Q: I was wondering what legal action could be taken if the person living in the home is on the home title but not on the mortgage loan? I recently helped my mother in law refinance to bring her monthly mortgage payment down and due to recent events I now fear she’ll either be late on payments or skip payments entirely.
A: We’ve written frequently about this issue in the past and we always tell our readers to be extremely careful before deciding to co-sign a loan for a friend or a family member.
When you co-sign a loan, you are taking on all of the responsibilities for making all of the payments on the loan, not on a proportionate share based on your ownership share.
You are right, by the way. If your mother in law fails to make a payment or pays late, you are legally responsible for making the entire payment, your credit and your mother in law’s credit will suffer.
Now that you’ve signed, it sounds like you have some regrets about co-signing. Unfortunately, the only way you can now get out from under the loan is to have your mother in law refinance the loan again and only have her sign the loan documents. She would then be the only borrower, and you would no longer be on the loan.
But it sounds like she’s having serious financial difficulties, which will likely make it difficult, if not impossible, for her to refinance. We assume, however, that you are a part owner of the home. Another way to get out from under the home is to sell the home and pay off the debt. Your mother in law could then rent a home and not have the burdens of paying the mortgage, real estate taxes, insurance and upkeep on the property.
If you’re trying to help your mother in law make her payments on time, she could consider renting a room out to a tenant or finding another job or source or income to help bring in more cash. You could also have your mother in law pay you the monthly mortgage payment each month and you would make the payment on time.
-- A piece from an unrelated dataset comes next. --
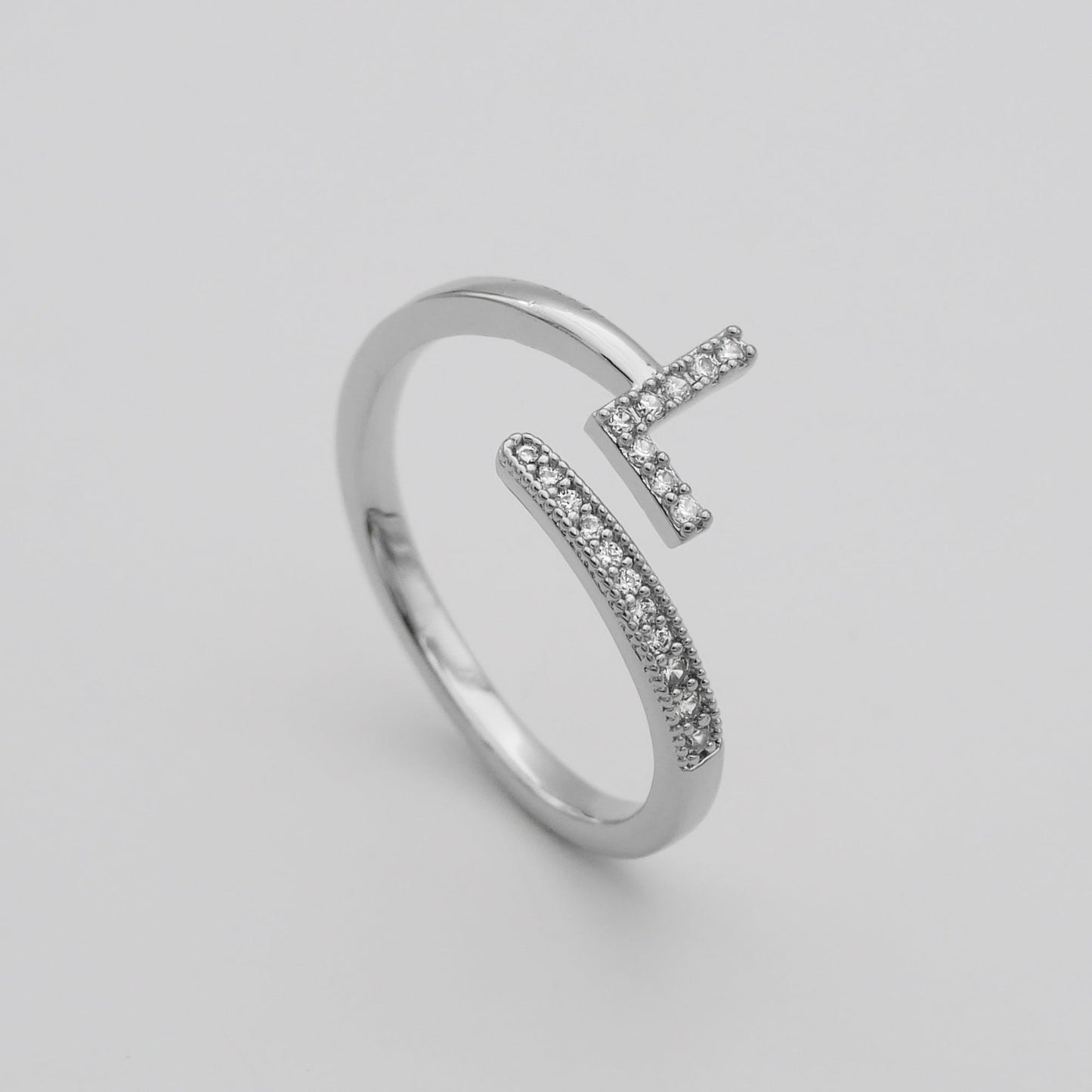Pave Initial Ring - Image 43 - ISMI JEWELS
That way you’d know that her bills are being paid on time and your own credit won’t be threatened.
Unfortunately, this situation could lead to your mother in law stopping her payments and you being left on the hook. But again, at least in this unfortunate scenario, you’d have control over when bills get paid.
These are the most common solutions to your situation, and you’d have to consult an attorney on any legal actions that might be available to you. Good luck.